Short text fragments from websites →
^^^^
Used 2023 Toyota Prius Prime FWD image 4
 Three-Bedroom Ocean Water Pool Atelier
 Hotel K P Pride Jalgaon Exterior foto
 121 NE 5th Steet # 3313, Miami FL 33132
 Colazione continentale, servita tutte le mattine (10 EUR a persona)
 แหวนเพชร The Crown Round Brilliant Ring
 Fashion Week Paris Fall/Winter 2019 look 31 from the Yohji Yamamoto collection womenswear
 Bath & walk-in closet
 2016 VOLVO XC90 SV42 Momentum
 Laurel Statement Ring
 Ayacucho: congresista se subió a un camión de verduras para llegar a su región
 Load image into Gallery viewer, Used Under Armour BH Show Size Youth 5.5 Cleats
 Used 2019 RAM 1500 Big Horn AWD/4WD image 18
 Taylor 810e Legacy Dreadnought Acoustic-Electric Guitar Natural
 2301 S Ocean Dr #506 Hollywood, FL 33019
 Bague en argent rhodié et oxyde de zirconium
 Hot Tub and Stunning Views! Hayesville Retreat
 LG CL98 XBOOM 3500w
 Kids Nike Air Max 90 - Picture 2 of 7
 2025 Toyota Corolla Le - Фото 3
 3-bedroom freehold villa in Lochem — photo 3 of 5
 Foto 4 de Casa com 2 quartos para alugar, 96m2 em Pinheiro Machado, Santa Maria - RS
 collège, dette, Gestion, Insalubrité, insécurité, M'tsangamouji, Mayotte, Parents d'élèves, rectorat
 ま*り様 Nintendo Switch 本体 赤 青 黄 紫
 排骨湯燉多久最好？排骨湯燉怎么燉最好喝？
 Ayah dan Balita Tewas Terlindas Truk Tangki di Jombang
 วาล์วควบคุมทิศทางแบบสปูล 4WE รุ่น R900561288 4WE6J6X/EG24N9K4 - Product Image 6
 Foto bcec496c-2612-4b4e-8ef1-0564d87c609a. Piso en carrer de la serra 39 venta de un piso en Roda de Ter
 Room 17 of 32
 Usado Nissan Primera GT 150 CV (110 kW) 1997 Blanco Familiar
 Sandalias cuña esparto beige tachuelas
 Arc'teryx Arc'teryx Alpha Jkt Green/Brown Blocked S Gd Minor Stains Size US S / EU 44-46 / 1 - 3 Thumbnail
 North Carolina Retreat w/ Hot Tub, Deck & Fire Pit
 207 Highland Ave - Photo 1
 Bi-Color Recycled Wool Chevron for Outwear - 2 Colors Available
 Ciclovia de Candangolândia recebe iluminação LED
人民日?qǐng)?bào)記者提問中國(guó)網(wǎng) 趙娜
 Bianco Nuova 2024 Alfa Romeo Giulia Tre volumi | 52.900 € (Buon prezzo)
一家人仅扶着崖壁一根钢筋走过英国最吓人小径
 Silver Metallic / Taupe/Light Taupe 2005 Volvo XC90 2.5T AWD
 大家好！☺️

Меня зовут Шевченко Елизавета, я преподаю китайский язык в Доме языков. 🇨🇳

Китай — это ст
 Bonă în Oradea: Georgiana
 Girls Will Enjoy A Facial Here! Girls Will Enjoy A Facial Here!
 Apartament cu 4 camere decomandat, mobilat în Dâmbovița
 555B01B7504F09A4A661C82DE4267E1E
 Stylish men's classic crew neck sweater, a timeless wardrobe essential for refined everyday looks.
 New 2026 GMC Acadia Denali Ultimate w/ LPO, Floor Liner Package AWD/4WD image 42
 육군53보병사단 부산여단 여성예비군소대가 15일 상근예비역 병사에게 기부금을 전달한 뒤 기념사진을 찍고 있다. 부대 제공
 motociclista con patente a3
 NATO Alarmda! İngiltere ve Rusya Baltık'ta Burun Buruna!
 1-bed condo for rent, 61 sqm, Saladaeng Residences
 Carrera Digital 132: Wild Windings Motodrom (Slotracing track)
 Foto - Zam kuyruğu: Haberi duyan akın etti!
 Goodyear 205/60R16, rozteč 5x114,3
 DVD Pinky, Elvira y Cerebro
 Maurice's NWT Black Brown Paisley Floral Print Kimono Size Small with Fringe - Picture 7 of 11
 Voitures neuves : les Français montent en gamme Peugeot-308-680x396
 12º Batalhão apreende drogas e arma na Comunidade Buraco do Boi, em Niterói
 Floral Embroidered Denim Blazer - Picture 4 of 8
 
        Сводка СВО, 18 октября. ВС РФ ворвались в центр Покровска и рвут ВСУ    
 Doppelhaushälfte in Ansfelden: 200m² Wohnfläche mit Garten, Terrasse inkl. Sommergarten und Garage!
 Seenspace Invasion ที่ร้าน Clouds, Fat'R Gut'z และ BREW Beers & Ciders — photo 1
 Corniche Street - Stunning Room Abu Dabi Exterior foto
^^^^
Brief →
Transcribe, exactly and without additions, the lines of the records above, beginning with the line that contains "Ayah dan Balita" and ending with the line that contains "Doppelhaushälfte in Ansfelden: 200m²", both included.

Worked solution →
 Ayah dan Balita Tewas Terlindas Truk Tangki di Jombang
 วาล์วควบคุมทิศทางแบบสปูล 4WE รุ่น R900561288 4WE6J6X/EG24N9K4 - Product Image 6
 Foto bcec496c-2612-4b4e-8ef1-0564d87c609a. Piso en carrer de la serra 39 venta de un piso en Roda de Ter
 Room 17 of 32
 Usado Nissan Primera GT 150 CV (110 kW) 1997 Blanco Familiar
 Sandalias cuña esparto beige tachuelas
 Arc'teryx Arc'teryx Alpha Jkt Green/Brown Blocked S Gd Minor Stains Size US S / EU 44-46 / 1 - 3 Thumbnail
 North Carolina Retreat w/ Hot Tub, Deck & Fire Pit
 207 Highland Ave - Photo 1
 Bi-Color Recycled Wool Chevron for Outwear - 2 Colors Available
 Ciclovia de Candangolândia recebe iluminação LED
人民日?qǐng)?bào)記者提問中國(guó)網(wǎng) 趙娜
 Bianco Nuova 2024 Alfa Romeo Giulia Tre volumi | 52.900 € (Buon prezzo)
一家人仅扶着崖壁一根钢筋走过英国最吓人小径
 Silver Metallic / Taupe/Light Taupe 2005 Volvo XC90 2.5T AWD
 大家好！☺️

Меня зовут Шевченко Елизавета, я преподаю китайский язык в Доме языков. 🇨🇳

Китай — это ст
 Bonă în Oradea: Georgiana
 Girls Will Enjoy A Facial Here! Girls Will Enjoy A Facial Here!
 Apartament cu 4 camere decomandat, mobilat în Dâmbovița
 555B01B7504F09A4A661C82DE4267E1E
 Stylish men's classic crew neck sweater, a timeless wardrobe essential for refined everyday looks.
 New 2026 GMC Acadia Denali Ultimate w/ LPO, Floor Liner Package AWD/4WD image 42
 육군53보병사단 부산여단 여성예비군소대가 15일 상근예비역 병사에게 기부금을 전달한 뒤 기념사진을 찍고 있다. 부대 제공
 motociclista con patente a3
 NATO Alarmda! İngiltere ve Rusya Baltık'ta Burun Buruna!
 1-bed condo for rent, 61 sqm, Saladaeng Residences
 Carrera Digital 132: Wild Windings Motodrom (Slotracing track)
 Foto - Zam kuyruğu: Haberi duyan akın etti!
 Goodyear 205/60R16, rozteč 5x114,3
 DVD Pinky, Elvira y Cerebro
 Maurice's NWT Black Brown Paisley Floral Print Kimono Size Small with Fringe - Picture 7 of 11
 Voitures neuves : les Français montent en gamme Peugeot-308-680x396
 12º Batalhão apreende drogas e arma na Comunidade Buraco do Boi, em Niterói
 Floral Embroidered Denim Blazer - Picture 4 of 8
 
        Сводка СВО, 18 октября. ВС РФ ворвались в центр Покровска и рвут ВСУ    
 Doppelhaushälfte in Ansfelden: 200m² Wohnfläche mit Garten, Terrasse inkl. Sommergarten und Garage!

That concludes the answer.